___ Extracted records ___
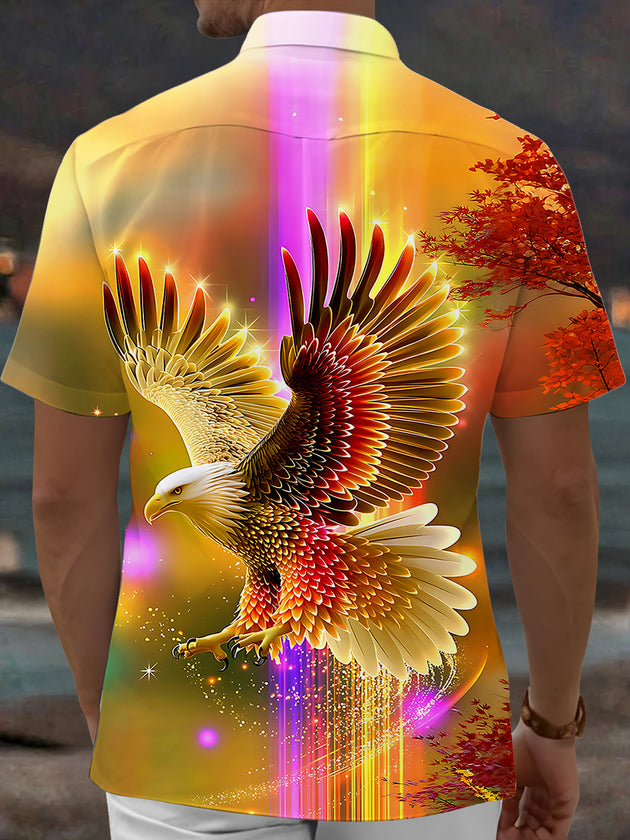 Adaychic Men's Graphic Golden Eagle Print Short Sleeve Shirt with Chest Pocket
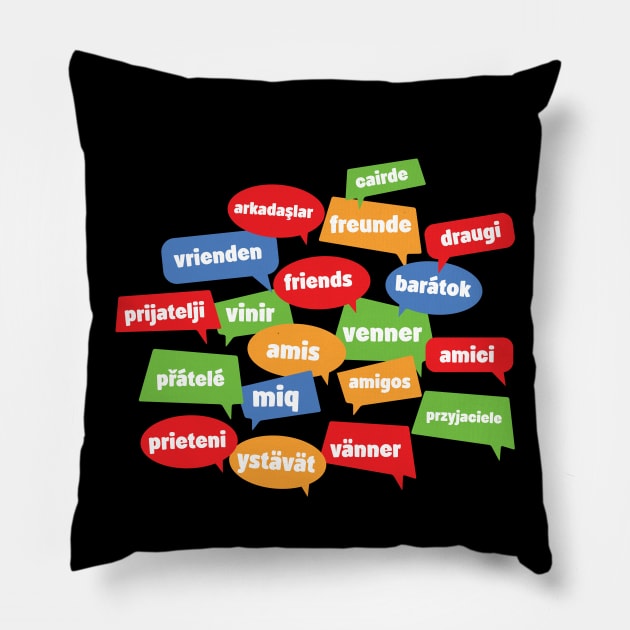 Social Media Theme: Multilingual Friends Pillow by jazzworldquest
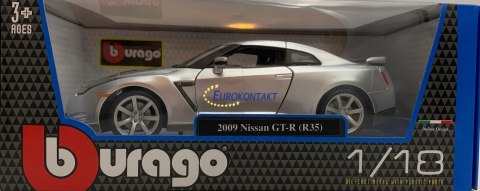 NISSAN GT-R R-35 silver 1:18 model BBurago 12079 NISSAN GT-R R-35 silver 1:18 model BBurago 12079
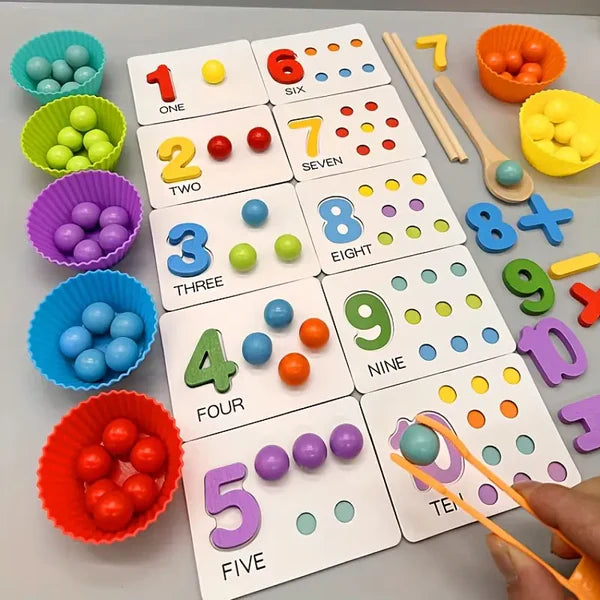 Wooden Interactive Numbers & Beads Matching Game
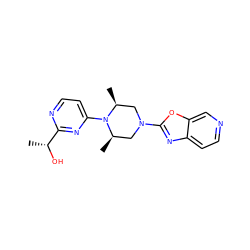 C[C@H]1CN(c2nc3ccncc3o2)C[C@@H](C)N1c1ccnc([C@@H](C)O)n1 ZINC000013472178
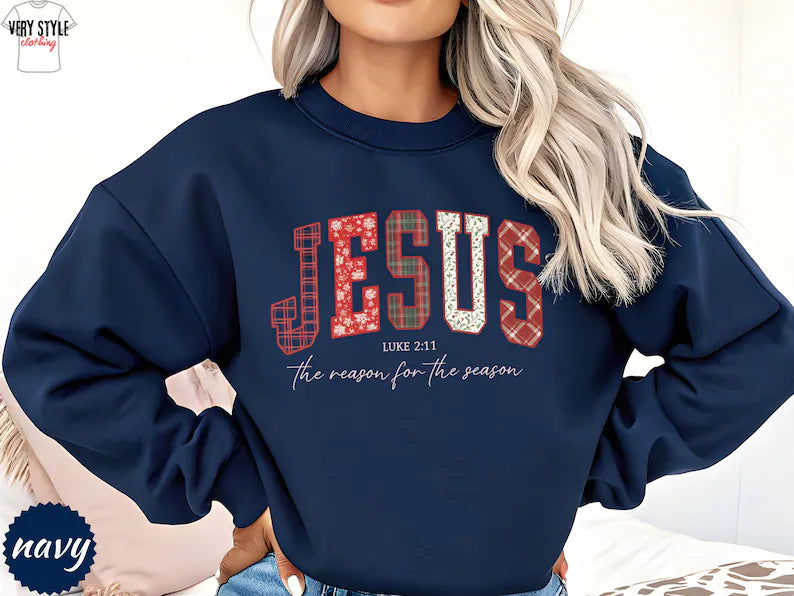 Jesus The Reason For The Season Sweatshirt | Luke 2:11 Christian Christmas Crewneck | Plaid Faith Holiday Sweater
___
Exercise objective: Only the lines from the one that contains "Wooden Interactive Numbers" through the last line of the records may appear in the answer, retyped exactly and with no pictures.

Result of the task:
 Wooden Interactive Numbers & Beads Matching Game
 C[C@H]1CN(c2nc3ccncc3o2)C[C@@H](C)N1c1ccnc([C@@H](C)O)n1 ZINC000013472178
 Jesus The Reason For The Season Sweatshirt | Luke 2:11 Christian Christmas Crewneck | Plaid Faith Holiday Sweater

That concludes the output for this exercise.